Activity: Please retype the entries below exactly, only from their first line through the line containing "Beautiful blooming red", leaving every picture out.

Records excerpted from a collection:

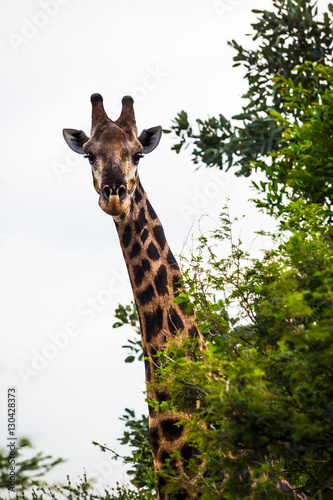 Fototapeta Naklejka Na Ścianę i Meble -  Giraffe looking around a tree.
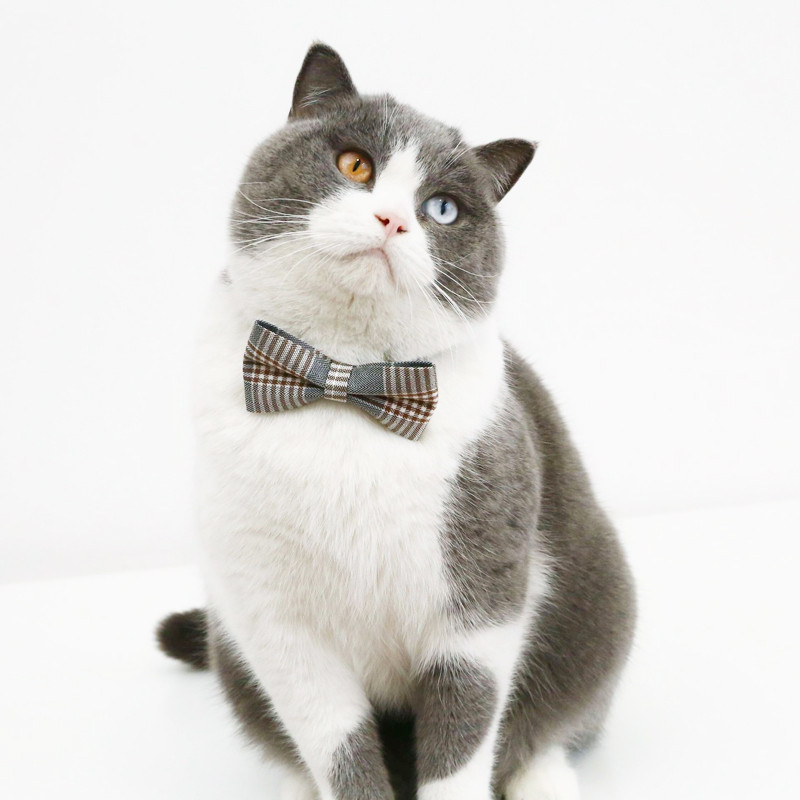 Kockás csokornyakkendő Háziállatok Macska nyakörvek Állítható kiskutya chihuahua nyaklánc biztonsági csat cica csokornyakkendő nyúl nyakkendő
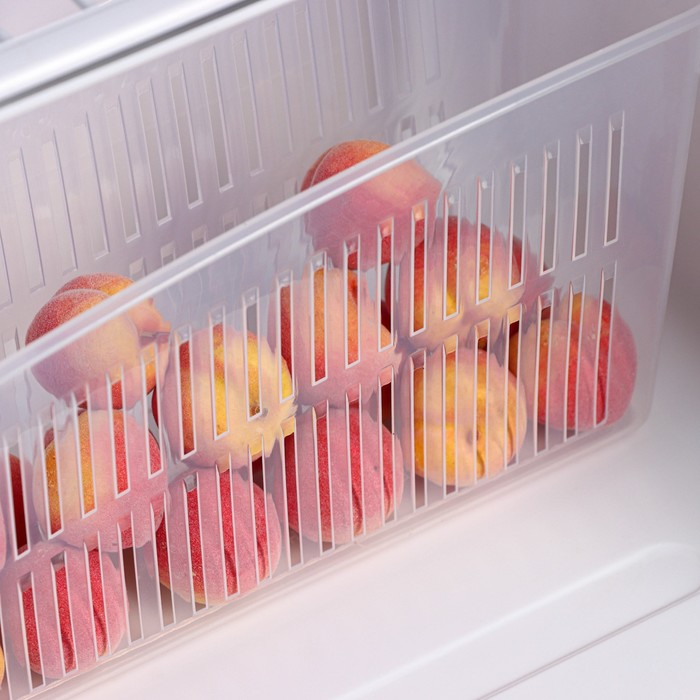 Контейнер для холодильника 24,5х9,5х14см, цвет прозрачный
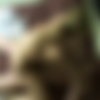 [PsychoThrillers] Maya Hills - Man Eater 4 thumbnail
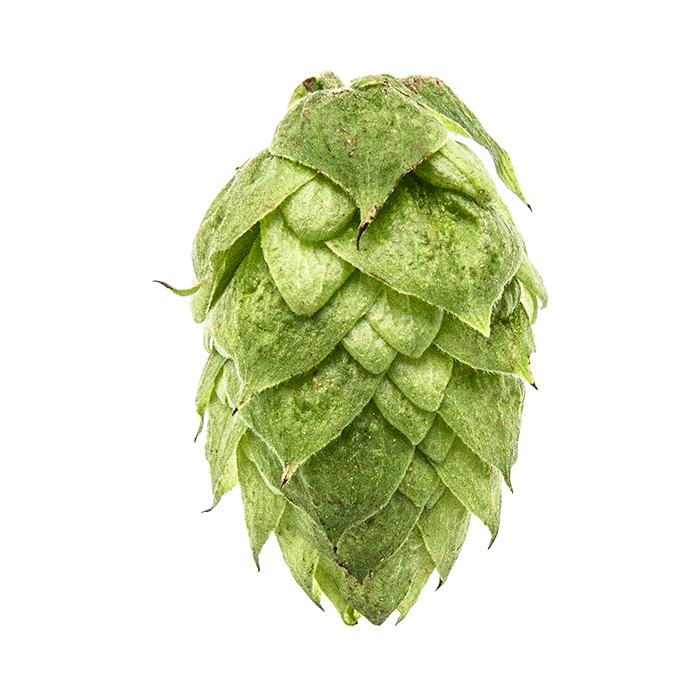 Columbus Hops - T90 Pellets 100g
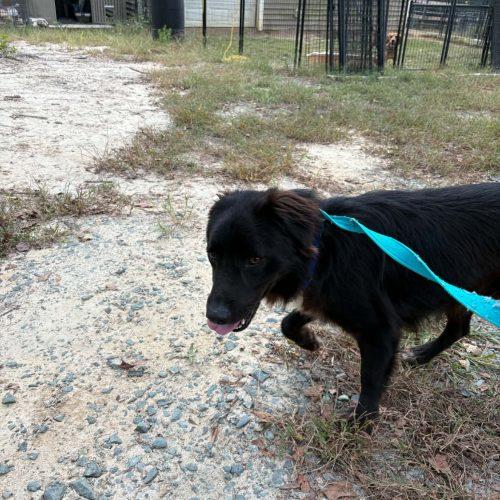 Enlarge Koda, a Adoptable mixed breed in Sanford, NC image 3/6
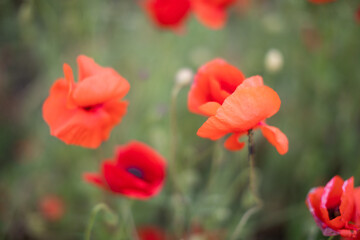 Beautiful blooming red poppy field blurred background. Landscape with wildflowers.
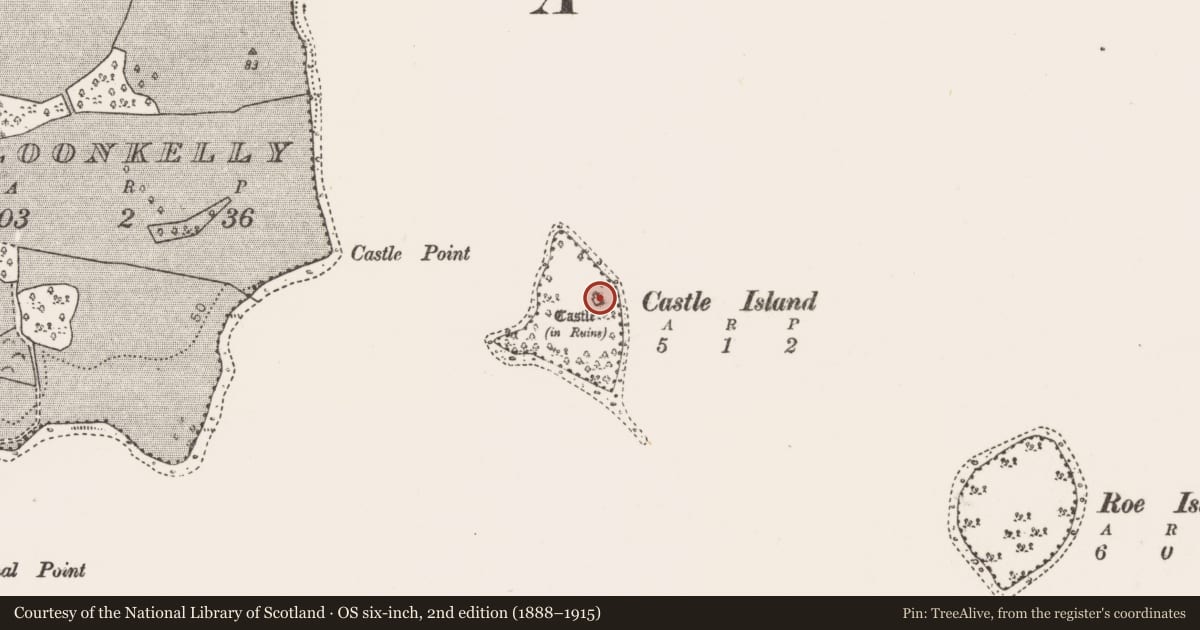 Ordnance Survey six-inch map, 2nd edition (1888–1915) covering the location of Castle - unclassified, Castle Island, County Mayo, with a pin at the register's coordinates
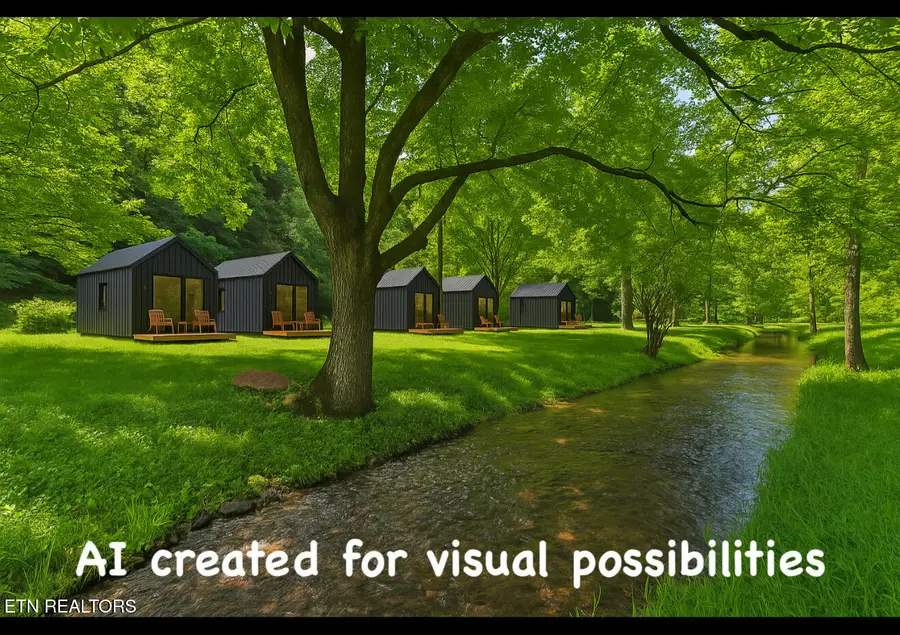 553 Caney Creek Rd, Pigeon Forge, TN 37863 - Image #2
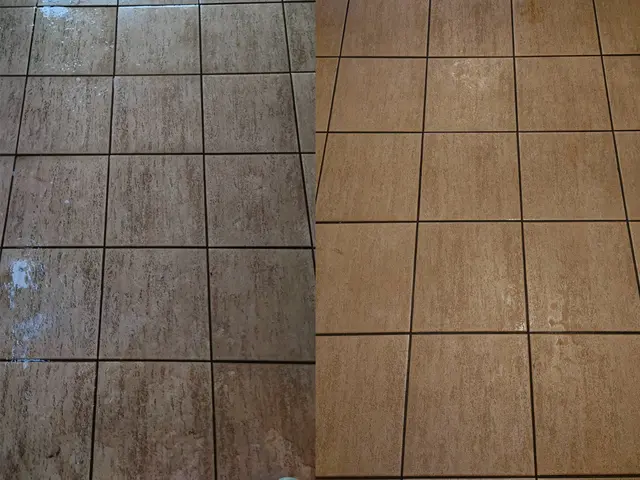 【猫好き★秋田出身25歳】エンジン式高圧洗浄機★サービスの画像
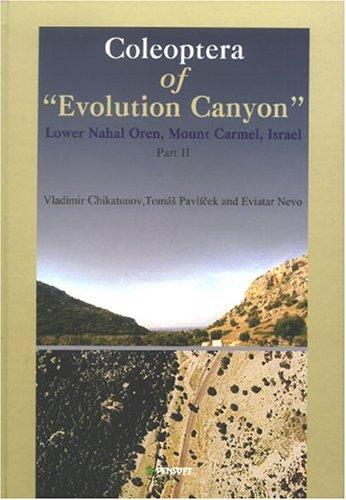 Cover for Coleoptera of ""Evolution Canyon"" Lower Nahal Oren, Mount Carmel, Israel (Faunistica, 35)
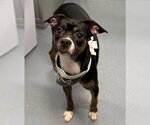 Small Boston Huahua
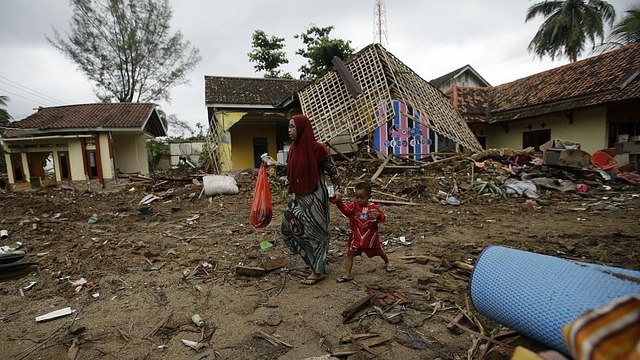 Indonesia, i rinoceronti Giava l'ultima specie vivente in pericolo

Result:
 Fototapeta Naklejka Na Ścianę i Meble -  Giraffe looking around a tree.
 Kockás csokornyakkendő Háziállatok Macska nyakörvek Állítható kiskutya chihuahua nyaklánc biztonsági csat cica csokornyakkendő nyúl nyakkendő
 Контейнер для холодильника 24,5х9,5х14см, цвет прозрачный
 [PsychoThrillers] Maya Hills - Man Eater 4 thumbnail
 Columbus Hops - T90 Pellets 100g
 Enlarge Koda, a Adoptable mixed breed in Sanford, NC image 3/6
 Beautiful blooming red poppy field blurred background. Landscape with wildflowers.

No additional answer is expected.